Daughter of Darkness (Kindred 1) - Page 112

When I reached the doorway, I heard the sound of women laughing.

“Those are just other daughters and sisters,” Mrs. Fennel said. “They all know you’re coming. Everyone’s waiting for you.”

She put her arm around my shoulders and closed the door behind me.

“You know, this is a wonderful second chance for you, Lorelei. I can tell you, few of us would have enjoyed such an opportunity. Your father really loves you.”

The house was old, but nothing looked worn or as untidy as the grounds did. There was no dust, no cobwebs. Everything looked as it might have looked the day the house was built and furnished. The floors glittered like immaculate hospital floors, and the wood of the walls and ceilings looked polished. I followed her through the short entryway and hallway and then heard the sound of babies crying.
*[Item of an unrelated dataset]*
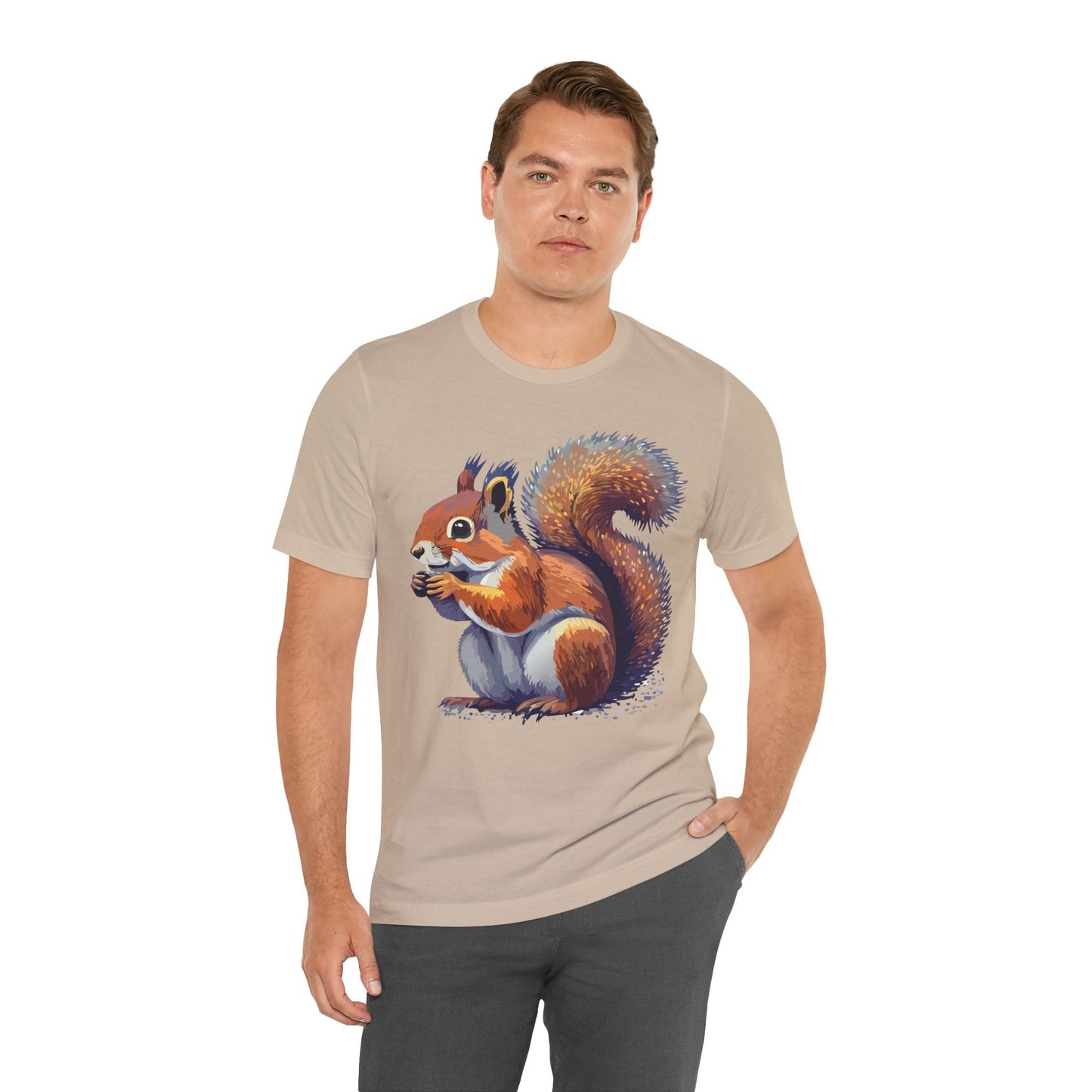 Unisex Animal Print Tee Shirt With Wild Animals Artwork Gildan Softstyle 64000 Cotton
“Feeding time,” she said. “Don’t look so surprised. This really is an orphanage of sorts,” she added. “Come. Look.”

We stopped at a doorway on the left. Inside was a nursery with ten infants in bassinets. Two women wearing nurses’ uniforms were tending to them.

“Go on, look at them, Lorelei. Each one is perfect and will be quite beautiful.”
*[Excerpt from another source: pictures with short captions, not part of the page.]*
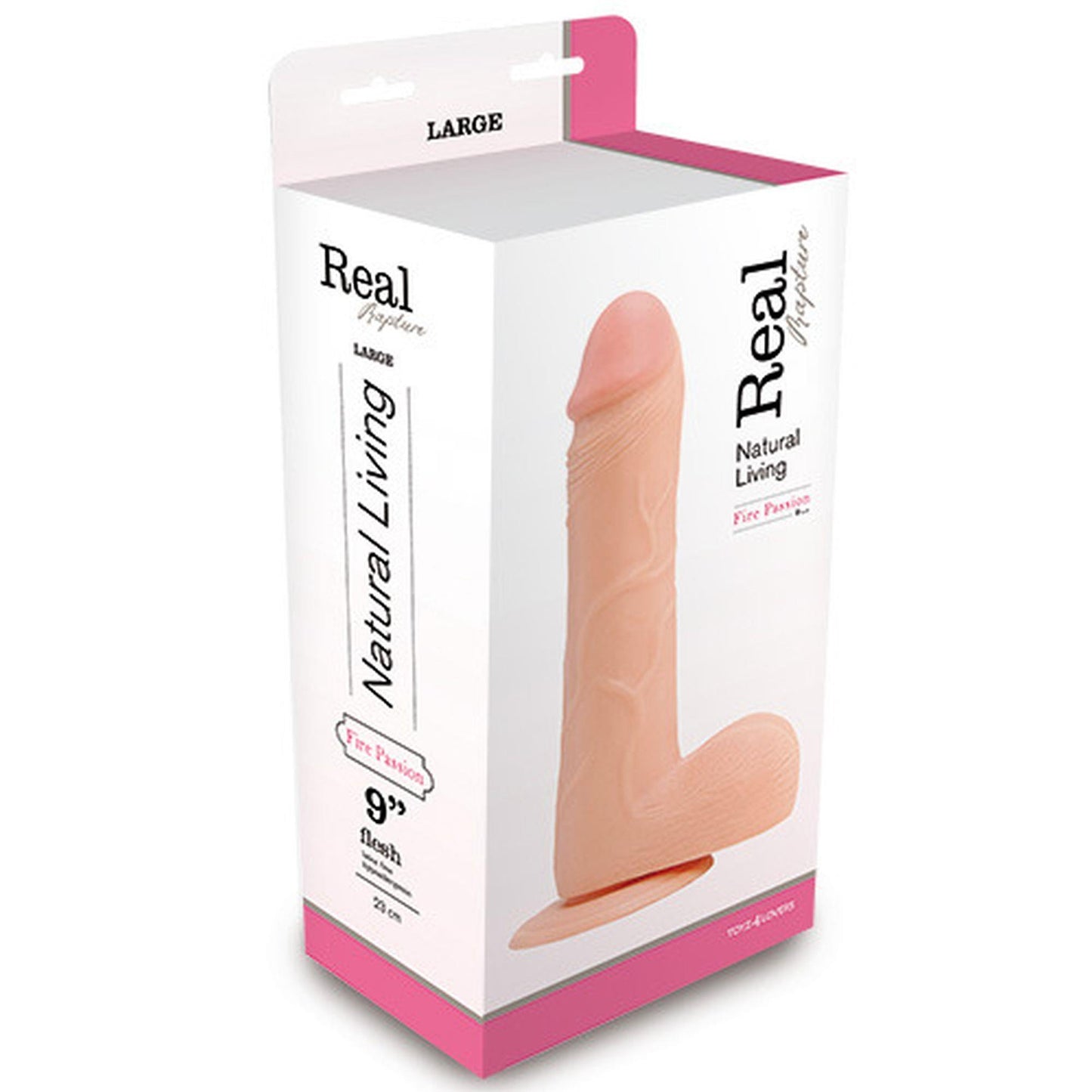 1-Dildo realistyczne cieliste żylasty penis 29 cm-1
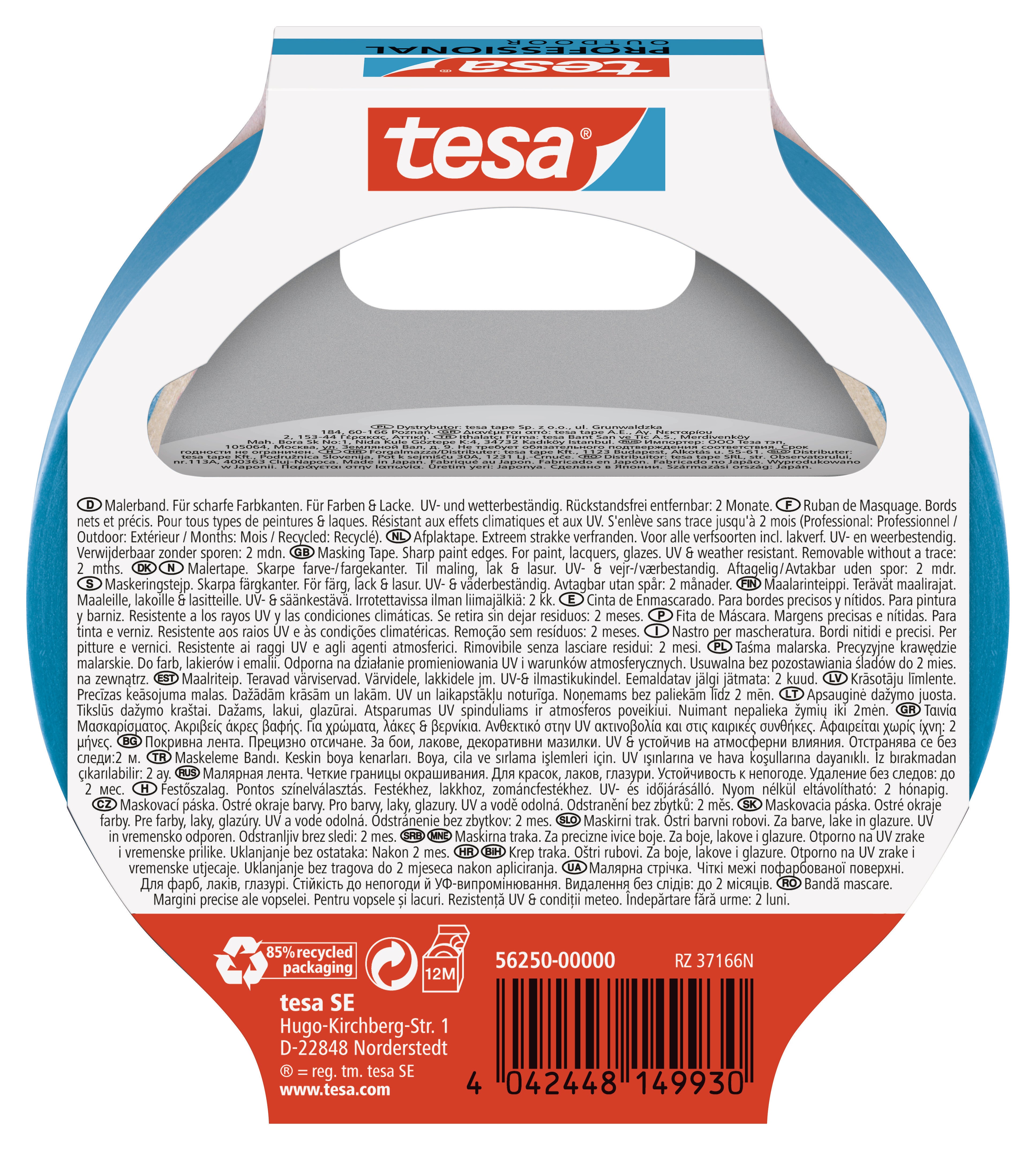 Nastro per mascheratura TESA Professional 25 m x 25 mm multisuperficie - 7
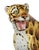 1980s Large Vintage Italian Glazed Ceramic Serval Sculpture, 1980s For Sale - Image 5 of 7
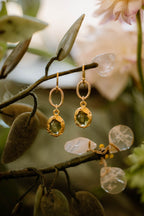 Eden Peridot Earrings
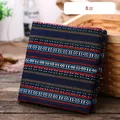 Ethnic style striped decorative fabric with blue and red patterns for home decor - Pattern 6# (Thickened Style) / 1m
The nurses turned and smiled at me.

The one on the left reached into a bassinet and took out an infant who wasn’t crying. She looked asleep. The nurse held her so I could see her face. She did look perfect.
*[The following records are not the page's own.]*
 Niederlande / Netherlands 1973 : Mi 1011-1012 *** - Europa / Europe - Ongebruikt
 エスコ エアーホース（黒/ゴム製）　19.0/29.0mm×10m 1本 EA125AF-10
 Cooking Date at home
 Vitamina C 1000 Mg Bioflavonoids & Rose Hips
“Wouldn’t you love to have a daughter like that?” Mrs. Fennel asked.

I didn’t answer.

The laughter in the other room grew louder.

“Oh, come on,” Mrs. Fennel said. “They’re so anxious to see you.”

I followed her across the hallway and into a large living room. Five young women sat on settees. I didn’t recognize them from the pictures I had seen in Daddy’s closet, but when the fifth turned to me, I gasped.

It was Brianna.

“Hi, Lorelei. You have grown beautifully. She’s perfect, isn’t she, Mrs. Fennel?”

“Perfect.”

Ava, who was now sitting in a large cushioned chair on the right, continued to glare angrily at me. The four other women were as beautiful as Brianna, two with rich, radiant black hair and two with auburn. All of them, including Brianna, were dressed in black gowns very similar to the one Daddy had brought for me from Paris. Ava laughed at the expression of surprise that I was sure I wore.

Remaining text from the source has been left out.